In particolare, per tipologia di prodotto, l’aumento è forte per i generi ad alta frequenza di acquisto (fra cui alimentari e prodotti per la cura della casa e della persona), sia per l’aumento diretto dei prezzi sia per un effetto ottico: prezzo identico, stessa confezione, ma meno prodotto, con una crescita del “carrello della spesa” al 6 per cento. Questo riguarda in particolare, come detto, almeno quei due terzi di persone che spendono la grande parte delle proprie risorse disponibili in questi prodotti.

Rispetto a un anno fa le vendite al dettaglio aumentano in valore, ma prevalentemente per l’aumento dei prezzi, molto meno per il volume di beni acquistati.
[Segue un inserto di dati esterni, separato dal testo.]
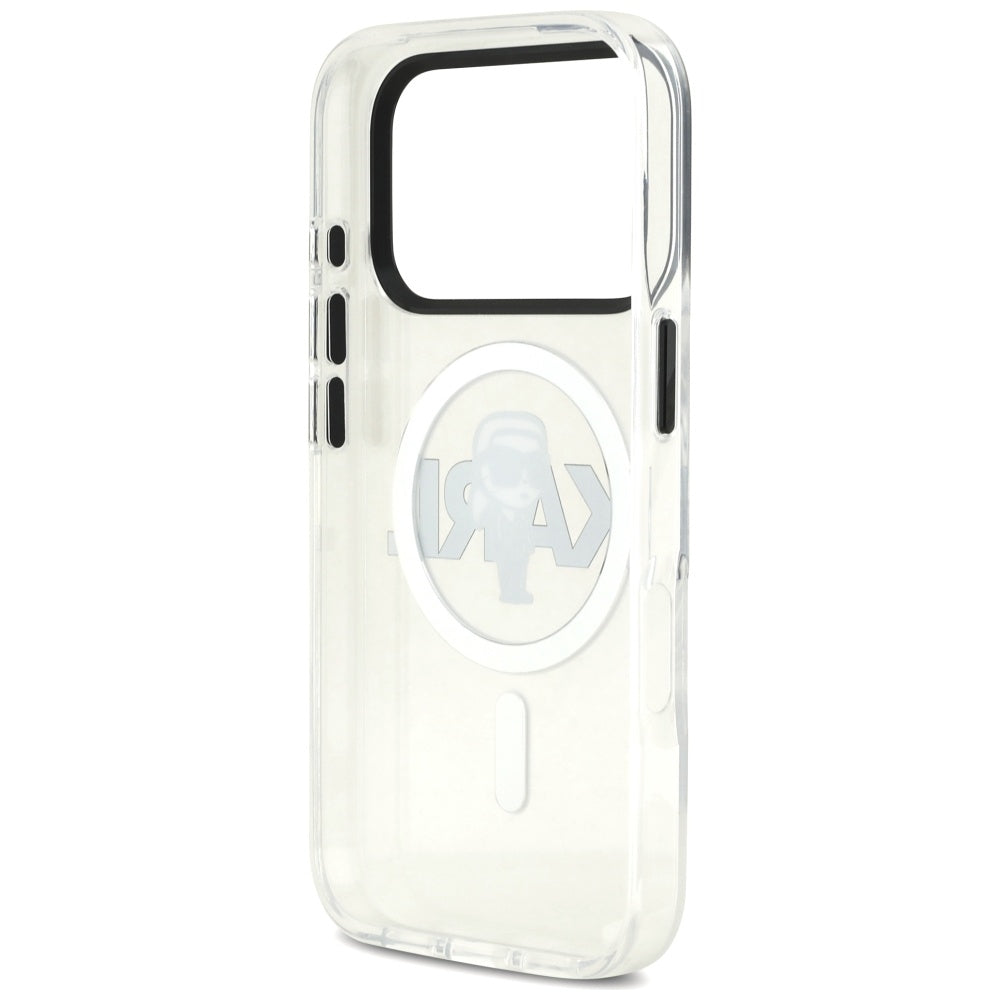Karl Lagerfeld IML Karl Sketch Logo MagSafe Case til iPhone 17 Pro - Gennemsigtig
Fino alla cartina di tornasole relativa ai beni alimentari, che registrano una diminuzione sia in valore (-0,5 per cento) sia soprattutto in volume di beni acquistati (-6 per cento).  Cosa significa è chiaro: si spende di più e si acquista di meno.

Ma attenzione: di fronte alle incognite del prossimo periodo, che possono portare a un ulteriore rallentamento delle esportazioni, un contemporaneo e consistente calo dei consumi aggraverebbe esponenzialmente il rischio paese. Il calo dei consumi, come le crisi precedenti hanno evidenziato, produce effetti non solo nella quantità di acquisti, ma anche relativamente alla loro qualità, via via più bassa come tipologia di prodotto. Nel Paese che ha nel cibo una delle caratteristiche fondamentali del Made in Italy, questo ovviamente incide di più.

Si prevede un livello inflattivo attorno al 6 per cento per tutto il 2022 e una (molto ottimistica) diminuzione nel 2023, ma comunque sempre attorno al 3 per cento. È evidente, dunque, che imprese e governo devono assumersi precise responsabilità nel trovare soluzioni a problemi che già esistevano da tempo e che si sono ulteriormente aggravati con la guerra: un loro protrarsi ancora a lungo porterebbe inevitabilmente a forti elementi di protesta sociale.

Sempre Di Vittorio, ancora oggi, nella straordinaria attualità delle sue indicazioni, spiegava come non possano convivere la stagnazione dei salari con il notevole aumento del costo della vita. E affermava che fin quando non si riuscirà a impedire con i fatti l’aumento dei prezzi sui lavoratori, non rimane altra risorsa che esigere adeguati aumenti dei salari.